Tuesday, 9 July 2019

From Eléna Rivera

1 March - 31 May 2019


At the exact half-way point in my residency (I had just been looking at the Caravaggio’s in a very crowded Louvre—irritated by all the people rushing to see the Mona Lisa) I heard that Notre Dame was on fire. Notre Dame?! I walked and walked and walked, trying to wear out anxious emotions which this terrible event had arisen in me. It became a way to think of my residency, before the fire and after the fire; it became a marker. 



Before the fire there was watching spring flowers and new leaves arrive first slowly then in profusion; there was a pink tree in the Jardin du Luxembourg (an acajou de Chine ‘Flamingo’); there were days spent at the American Library writing and reading; there was swimming at the foot of the Tour Montparnasse and Qi Gong in the park; there was Agnès Varda’s death; and there was a deep sense of solitude that I hadn’t experienced in years that stimulated my imagination as I faced the blank page. 

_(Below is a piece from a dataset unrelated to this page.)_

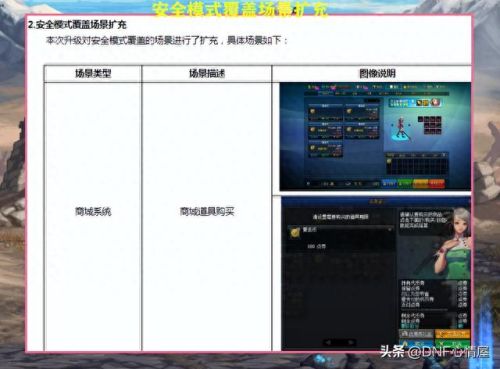 dnf安全模式会自动解除吗(dnf最新安全模式多久自动解除)插图4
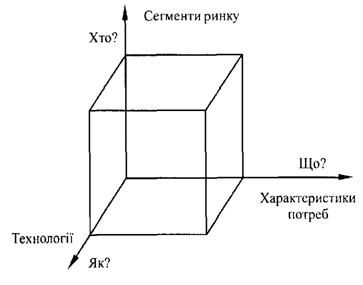 три напрямки визначення базового ринку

After the fire, I became more focused in my writing; I started missing Russell; the Gilets Jaunes kept marching on Saturdays. There were solitary days and days of meetings with poet and artist friends; Wim Wenders on the ceiling and walls of the Grand Palais at midnight; more readings (including one of my own for the Ivy Series at Berkeley books); Franz Marc and Auguste Macke at the Orangerie; Hammershøi at the Musée Jacquemart; the stained glass at the Sainte-Chapelle; and always there was writing at the Jardin du Luxembourg, at a café, on my couch, and at the kitchen table. 




The Trelex Poetry Residency made it possible for me to focus on poetry and the imaginative, without concern to the results of my endeavors. It also provided solitude such as I hadn’t experience in a long time in a way that made understanding certain things about myself possible. Kindness and generosity were shown to me time and time again. Walking home after a reading, the sheer joy of being in those Parisian streets at dusk. 




Friendships, solitude, the importance of the arts, the balance between community and solitude; what gifts! Many thanks to Nina Rodin and Elizabeth Hansen and to everyone at Trelex who made my residency possible, the reverberations of which I will be experiencing for a long time to come.